2.陈曦 (1978一 ),女,陕西汉中人 ,陕西理工学院历史文化与旅游学院讲师,主要研究方向为中国历史与区域文化。

 

  近现代以来,中国历史上许多民族创伤性事件,如南京大屠杀、反右运动、三年经济困难、文化大革命等,成为整个民族挥之不去的心理阴影,也是历史学者重要的研究对象和作家、文艺家反复表现的历史素材。那么,如何叙述历史?特别是叙述民族创伤性历史事件2009年上映的陆川编导的电影《南京!南京!》,在历史叙事上给人耳目一新的感觉。影片新颖之处在于它的历史叙事的视角,它主要是从一个叫角川正雄的日本士兵的视角来观察、呈现南京大屠杀这一现代史上中华民族的创伤性历史事件的。它的叙事视角引起了广泛争议,甚至有“汉奸电影”之类的批评声音。同期上映的另一部反映南京大屠杀的电影《拉贝日记》,提供了一个德国拯救者视角,而这正是陆川所拒绝的视角。在这里,视角似乎是历史叙事的一个至关重要的问题。它不仅关乎历史叙事的观感效果,而且更关乎历史叙事者的政治伦理。因此,结合南京大屠杀的相关历史著作和文艺作品,对历史叙事的视角问题加以探讨,具有多重意义。

  

  叙事视角,主要是指叙事者观察并讲述事件或故事的角度,它往往也包含了叙事者一作者的情感、观念、意识形态等(叙事声音)内容。它是20世纪60年代在法国兴起的叙事学理论中一个重要理论问题,后普遍用于叙事性文学尤其是小说的分析之中。受文学叙事理论和多元文化主义——上个世纪8O年代以来盛行于加拿大、美国等国家的一种强调差异性、多样性和平等性的社会政治理论——等的影响,历史著作也开始注意叙事视角问题。而历史著作之注意叙事视角,还有一个根本的原因,即历史文本具有文学的虚构性,这一点已被美国学者海登·怀特所充分证明。因此,正像另一个美国学者所说:“历史学者必须同小说家一样,也选取一种与声音相伴随的视角。”

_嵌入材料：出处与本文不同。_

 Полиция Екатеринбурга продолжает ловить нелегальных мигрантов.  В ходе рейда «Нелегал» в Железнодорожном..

  关于这一点,研究南京大屠杀且在美国颇受好评的张纯如的《南京浩劫——被遗忘的大屠杀》一书提供了一个很好例子。作者在书的“导言”中说:“本书第一部分的结构——大屠杀的历史,在很大程度上受到《罗生门》的影响。《罗生门》是根据日本作家芥川龙之介的短篇小说《竹林中》(薮中)改编的著名电影,讲述的是发生在十世纪京都一个强奸和谋杀的案子。”一个表面上很简单的故事,由于多个人物视角的叙述,变得复杂起来。事件的真相到底如何?这需要读者仔细辨析。根据张纯如的描述,我们明白了她的“非小说体专著”何以要借重于小说的叙事方式,她是看到了多视角叙事所取得的独特效果。因此,张纯如笔下的“南京大屠杀被从三种视角来讲述。第一种是日本的视角。……第二个视角是中国人的,即受害者的。……第三个是欧美的视角。”通过三种视角的先后考察,作者比较全面地呈现了南京大屠杀这一被遗忘的历史事件,读者亦可从作者的描述中得到一个客观的历史认识和评价。

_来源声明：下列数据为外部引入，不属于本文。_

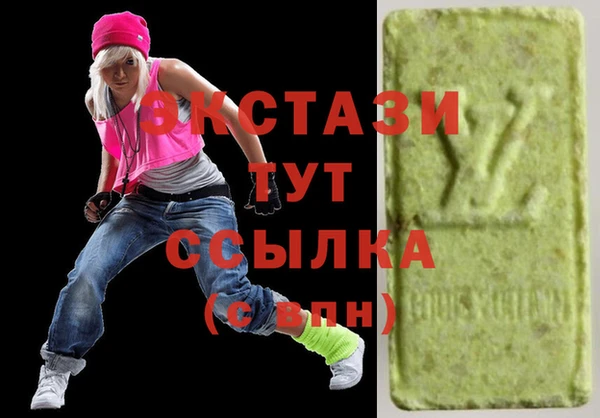 мефедрон мука Беломорск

  历史著作中这一多视角叙事的好处,可通过与单一视角的历史文本相比较看出。曾为侵华日军士兵的曾根一夫说:“我发现许多战后出版的战争纪录,因作者的立场不同也有相当大的差异。例如描写同一场战役的纪录,其中包括战时担任作战指导的高级将领从高处所看到的纪录,报导关系者从侧面所看到的客观战争纪录,以及站在最前线浴血奋战的下级官兵们的实战纪录等,我将它们互相对照后,发现它们因作者所站的立场不同而有极端的差异。究竟谁是谁非,实在很难判断,对于曾经在战场一隅作过战的人而言,无法了解的地方还是很多。因此,那些战后出生的人们,更难以判断哪一种说法才是真的,所以我才想把自己亲历其境和亲眼所见的事实向世人公开。”他所说的“立场”实际上指叙事视角。作为南京大屠杀参与者的曾根一夫,想以他的“亲历其境和亲眼所见的事实”来证明大屠杀的真实性,但由于他所选用的第一人称叙事视角的局限性,他所讲述的“事实”也仅是一个日军士兵记忆中的南京大屠杀,而非其他日军官兵分别参与的南京大屠杀,更非中国受害者和欧美保护者眼中的南京大屠杀。另外,还需要注意的是,曾根一夫“私记”中的第一人称“我”,既是一个现在回忆者的“我”,又是一个当时参与者的“我”。这正是有的学者所说的“第一人称回顾性叙述中特有的双重聚焦”,“这两种眼光可体现出‘我’在不同时期对事件的不同看法或对事件的不同认识程度,它们之间的对比常常是成熟与幼稚、了解事情的真相与被蒙在鼓里之间的对比。”两种第一人称“我”的区分,可以凸显现在的曾根一夫对过去的自我及大屠杀和战争的反思。但也要警惕现在的视角对过去视角的遮蔽和压抑,如曾根一夫的“私记”中现在的反思性就多少压倒了历史的生动性。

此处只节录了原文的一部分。